A new method was developed to acquire images automatically at a series of specimen tilts, as required for tomographic reconstruction. The method uses changes in specimen position at previous tilt angles to predict the position at the current tilt angle. Actual measurement of the position or focus is skipped if the statistical error of the prediction is low enough. This method allows a tilt series to be acquired rapidly when conditions are good but falls back toward the traditional approach of taking focusing and tracking images when necessary. The method has been implemented in a program, SerialEM, that provides an efficient environment for data acquisition. This program includes control of an energy filter as well as a low-dose imaging mode, in which tracking and focusing occur away from the area of interest. The program can automatically acquire a montage of overlapping frames, allowing tomography of areas larger than the field of the CCD camera. It also includes tools for navigating between specimen positions and finding regions of interest.

Introduction

Electron tomography has become increasingly important as a technique for examining cellular structures and macromolecules in three dimensions (Baumeister, 2002, Leapman, 2004, McIntosh et al., 2005, Steven and Aebi, 2003). The method involves taking a series of electron micrographs while tilting the specimen over a range of angles, typically at 1–2° intervals up to ±60–70°. These projections of the specimen are aligned and a three-dimensional reconstruction is computed by methods such as weighted backprojection (Frank, 1992). The recent growth of tomography has been fostered by continual improvements in the instrumentation, computers, and software needed for these tasks. In particular, much effort has been expended to automate the acquisition of the series of tilted projections, a task that has been facilitated by improved interfaces for microscope control. Acquisition requires a sequence of operations because of imperfections in the goniometers and specimen holders now available: after tilting to a new angle, the features of interest must be recentered in the field of view, and any change in vertical (Z) height must be compensated by refocusing, before the final image is acquired. When done manually, these operations are slow and tedious at best, and because the sample is exposed to the beam during these steps, they are particularly difficult for beam-sensitive samples. To automate this process, an initial tracking image is taken on a CCD camera after tilting to a new angle; the image is cross-correlated with a comparable image from the previous tilt, and electronic image shift is used to recenter the specimen. Defocus is determined by taking two images with the beam tilted in opposite directions; the displacement between two such images is proportional to the defocus, so the objective lens can then be adjusted to bring the specimen back to the desired focus (Koster and de Ruijter, 1992, Koster et al., 1987).

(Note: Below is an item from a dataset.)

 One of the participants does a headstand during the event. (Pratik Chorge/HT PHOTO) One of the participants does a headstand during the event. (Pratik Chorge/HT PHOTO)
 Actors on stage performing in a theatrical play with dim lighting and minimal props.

The first generation of automated tomography software took one or two tracking images at each tilt, and also measured defocus once or twice on each tilt. Some software followed a strict low-dose approach by taking tracking and focusing pictures on areas displaced from the region of interest, which is essential for working with frozen-hydrated material (Dierksen et al., 1992, Dierksen et al., 1993, Rath et al., 1997). Other software was more suited to work with plastic sections, but still provided a huge savings in dose to the specimen and an increase in throughput, quality, and convenience (Fung et al., 1996, Koster et al., 1992, Koster et al., 1993).

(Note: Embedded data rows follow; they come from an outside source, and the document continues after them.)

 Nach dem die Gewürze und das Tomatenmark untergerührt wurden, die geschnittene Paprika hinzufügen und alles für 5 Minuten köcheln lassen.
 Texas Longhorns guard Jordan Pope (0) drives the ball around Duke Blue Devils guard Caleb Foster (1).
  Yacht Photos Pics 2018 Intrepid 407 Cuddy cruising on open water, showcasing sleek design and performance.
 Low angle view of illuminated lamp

With the availability of better goniometers, new approaches have been devised with the goal of dispensing with some of the tracking and focusing steps by taking advantage of the predictable properties of the stage. The method of precalibration involves measuring stage movements in X, Y, and Z through a coarse tilt series (e.g., at 5° intervals), possibly at a lower magnification, and then applying these movements to acquire one or more full tilt series at a finer interval (Ziese et al., 2002). Precalibration is the basis for the tomography package supplied by the FEI Company (Eindhoven, Netherlands). Most recently, a prediction method has been developed (Zheng et al., 2004) which assumes that each point on the specimen moves in a circle around the tilt axis as the stage is tilted and predicts changes in Z-height from recent changes in the lateral position of the specimen. This method, which will be referred to here as Z-prediction, requires essentially no tracking or focusing images during the tilt series and represents an elegant solution to tilt series acquisition in situations where the goniometer and specimen holder satisfy its assumptions.

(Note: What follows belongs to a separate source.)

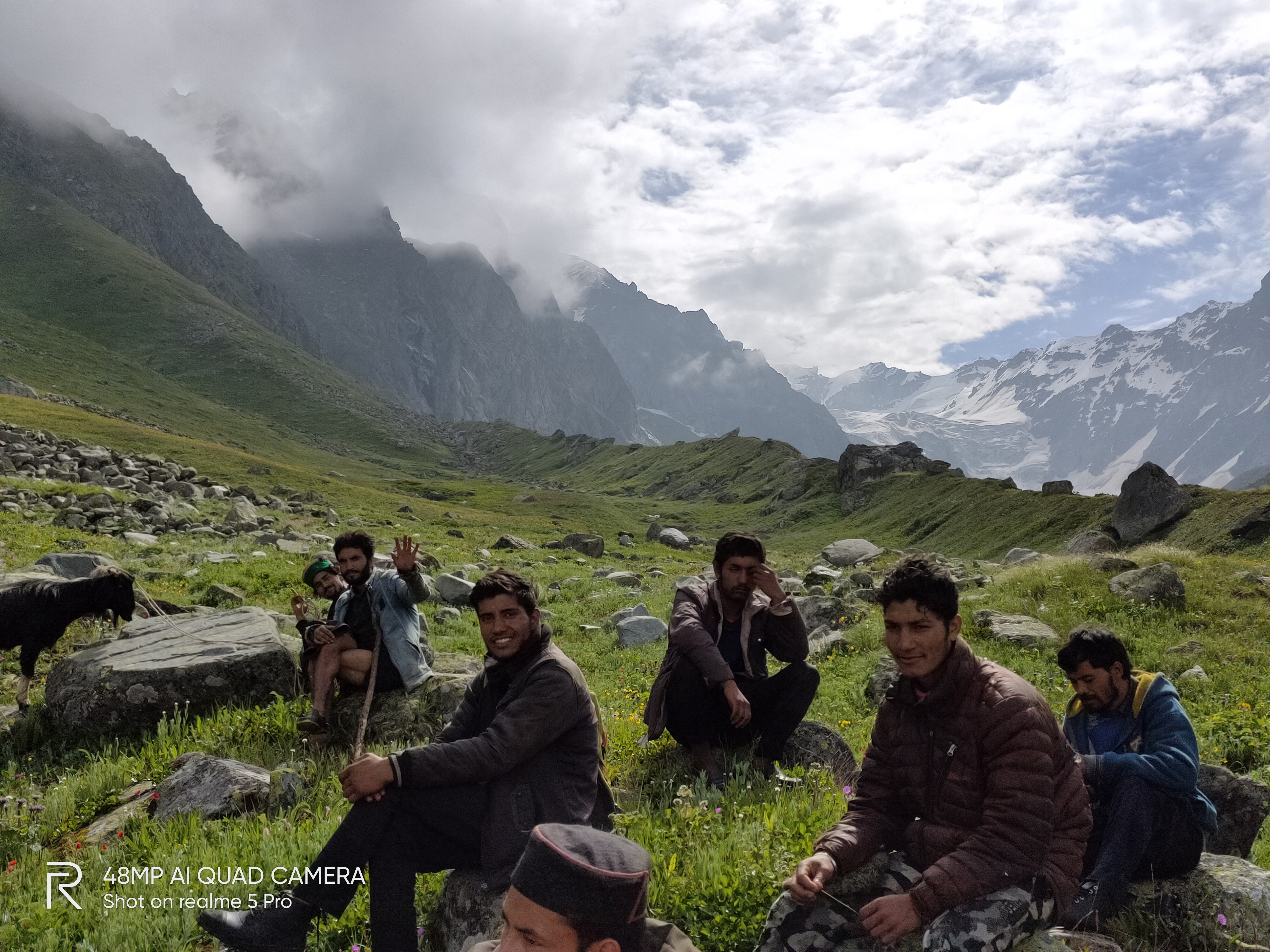 Small group walking together across an alpine valley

This paper describes a different approach to skipping steps and speeding up data acquisition. Specimen position is predicted in X, Y, and Z based only on the movements during recent tilts. The prediction is relied upon, i.e., tracking or focusing is skipped, only when the statistical error of the prediction is low enough. Rather than a prediction based upon a previous trajectory, as in precalibration, or a prediction of one coordinate based upon geometrical considerations, this method uses a conservative and adaptive prediction from movements in the current tilt series. The program described here, SerialEM, was developed after experimenting with the precalibration approach and becoming concerned about its vulnerability to less than ideal circumstances: when there is specimen drift or nonreproducible holder movements, when the eucentric height is not set equivalently between a precalibration run and the actual tilt series, or when it is necessary to readjust specimen position during the series. It will be shown here that the program succeeds in achieving the speed of precalibration where conditions are favorable, while providing the reliability of the traditional approach in less ideal cases.

This paper is organized as follows. Various components and features of the program needed for successful automation will be described first. The prediction algorithm and its implementation by a module called the “tilt series controller” are then explained. Examples are given of the behavior of the program in typical and extreme circumstances. The performance of this method relative to the precalibration and Z-prediction methods is evaluated, and data are presented indicating that the Z-prediction method is particularly susceptible to nonideal stage performance. Finally, additional features of the program are described, such as its ability to work with an energy filter and to take montaged images from overlapping CCD images. One motivation for describing some aspects of the program in detail is to highlight the various nonideal properties of current microscopes and cameras that keep automated tomography from being straightforward, and to present ways in which these problems can be overcome.

This work was reported previously in abstract form (Mastronarde, 2003).